# Webalizer-Statistiken manuell generieren lassen



## sturmi (17. März 2008)

Hallo,

ich versuche beim Webalizer die Statistiken manuell generien zu lassen. Dazu gebe ich auf der Shell als Benutzer root folgende Zeile ein:

*/root/ispconfig/php/php /root/ispconfig/scripts/shell/webalizer.php*

Leider steht aber immer in den Statistiken, dass zuletzt aktualisiert wurde um 04:01 Uhr.

Beim Aufruf der o.s. Zeile erscheint auf dem Bildschirm mehrfach die Meldung: *Warnung: Überlangen Text abgeschnitten*

Hat einer eine Idee woran das liegen kann? Bin für jede Hilfe sehr dankbar.


----------



## Till (17. März 2008)

Du kannst die Statistiken nicht mehr als einmal pro Tag aktualisieren, da die Log Dateien der Webs auch nur einmal pro Nacht aktualisiert werden.


----------



## FuchurOnline (26. Nov. 2008)

Hallo,

wie kann man denn bitte die Log-Dateien öfters am Tag aktuallisieren lassen? Ich brauche nämlich genau das gleiche, ich benötige mehrfach am Tag aktuelle Webstatistiken da ich sehr hohen Traffic auf der Seite habe.

Ist ggf. einer der Crontab-Einträge anzupassen?
Ist evtl. das in logs.php gleich in der ersten Zeile der crontab zuständig? Die Zeile in der Webalizer steht ist ja selbsterklärend...
ich meine die Crontab welche mit 'crontab -e' erreichbar ist.

Gruß
Stefan


----------



## Till (26. Nov. 2008)

Die Logdatei kann mit dem script nicht mehr als einmal pro Tag aktualisiert werden. rufst Du es mehr als einmal auf, dann werden die Einträge doppelt im Log eingefügt.

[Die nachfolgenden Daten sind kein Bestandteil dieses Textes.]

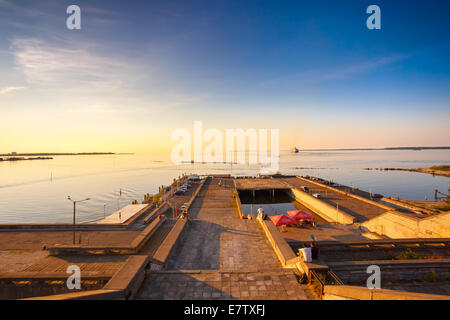 TALLINN, Estonia - 25 Luglio: Quay a Tallinn durante il tramonto sulla luglio 25, 2014 a Tallinn in Estonia. Questo Quay è un popolare destin Foto Stock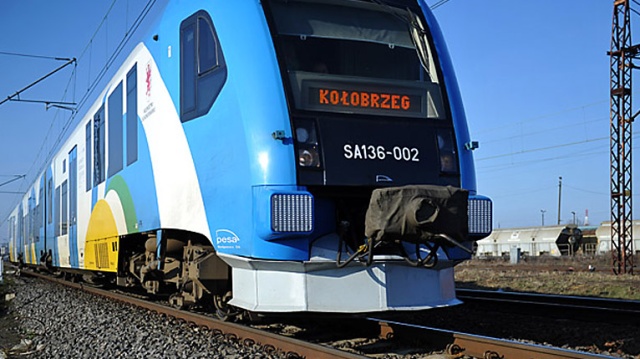 Przewozy Regionalne przynoszą straty i trzeba to zmienić - mówi wiceminister transportu, budownictwa i gospodarki morskiej. Andrzej Massel w rozmowie z portalem Newseria powiedział, że możliwy jest scenariusz podziału kolejowej spółki, która w minionym roku przyniosła 44 mln zł strat.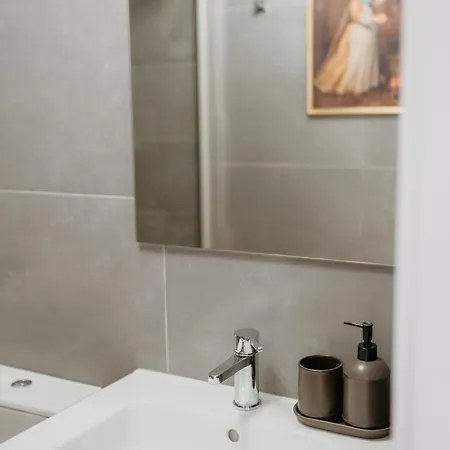 Orange House - Elegant Two-bedroom 1e Apartamento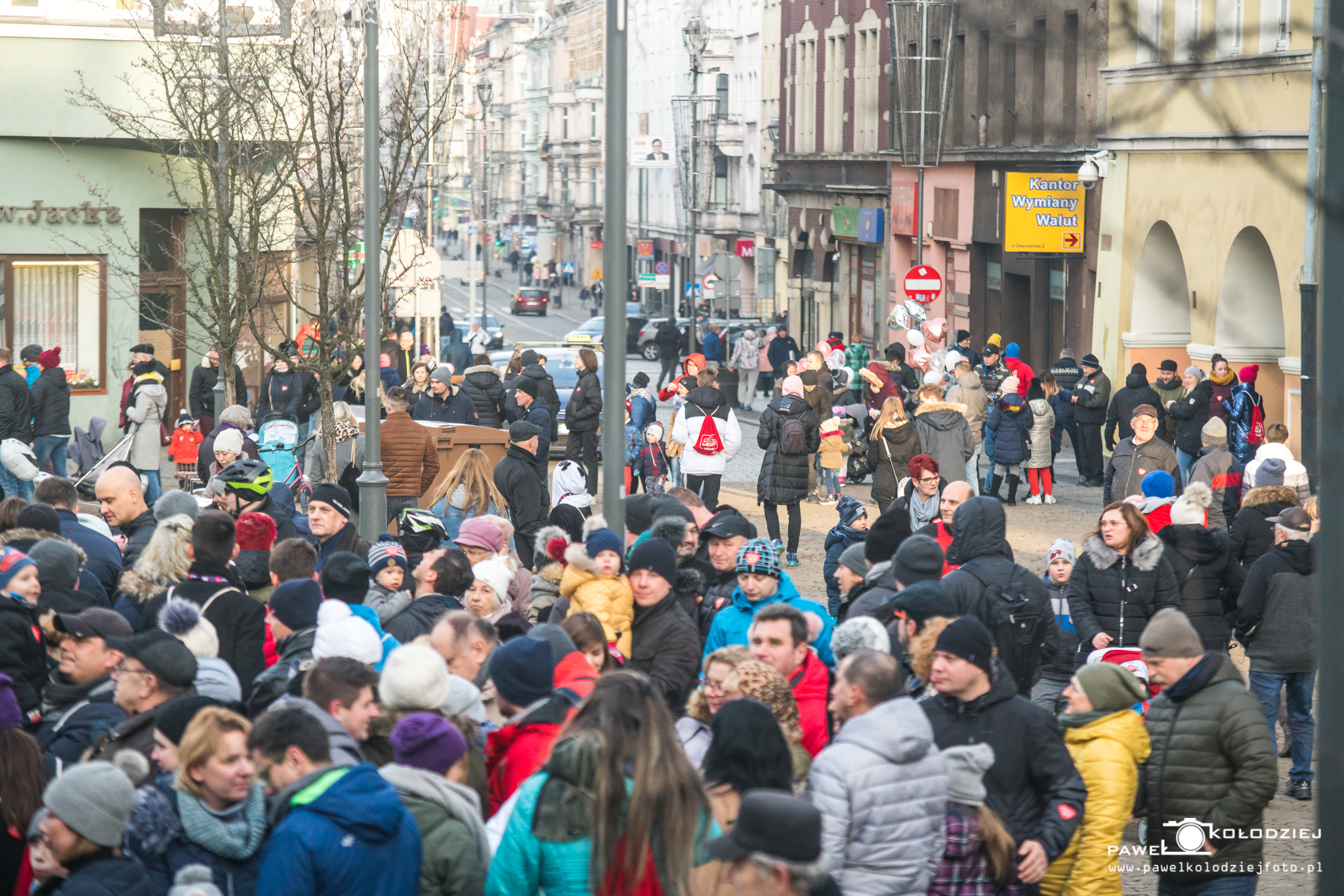 tłum ludzi na Rynku widok na ulicę Zwycięstwa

Wenn Du das Logfile öfter splitten möchtest, wirst Du dir ein anderes Script schreiben müssen.


----------



## FuchurOnline (26. Nov. 2008)

Hallo Till,

ach die Logdateien landen gar nicht in echtzeit in den einzelnen log-Verzeichnissen??? Warum das denn? Wo landen denn dann eigentlich die Haupt-Log Dateien? Werden die dann zerpflückt und verteilt auf die web-Verzeichnisse? Ich kann mir das nur schwer vorstellen, denn ich kenn das so von meiner alten Apache2 installation dass die Logfiles immer zur Verfügung sind, dort wo sie in der apache.conf angegeben sind. bzw. Dort habe ich es so gelöst das alle sogenannten Webs in einem eigenen vhost laufen und alle eigene Logdateien haben die immer in Echtzeit zur Verfügung sind.

Wo landen denn die Logfiles während der Seitenzugriffe? Und gibt es irgendwo eine Doku wie die einzelnen Skripte ungefähr arbeiten? Ich würe mir schon eine Lösung basteln wenn das nicht allzuviel Aufwand ist.

Bin über jede Art von Ansätzen Dankbar.

Ich habe sonst alles selber am Server gemacht. Habe nur aus Grunden von Zeitersparnis und Einfachheit von Einrichtung, Warung und Übersichtlichkeit her den ISPConfig gewählt.

Gruß
Stefan


----------



## Till (27. Nov. 2008)

> Warum das denn?


Performance und Skalierbarkeit. Apache öfnet für jede Logdatei pro jlaufenden apache Prozess ein File Handle, das ist nicht skalierbar wenn Du eine größere Anzahl an webs hast.



> Wo landen denn die Logfiles während der Seitenzugriffe?


/var/log/httpd/


----------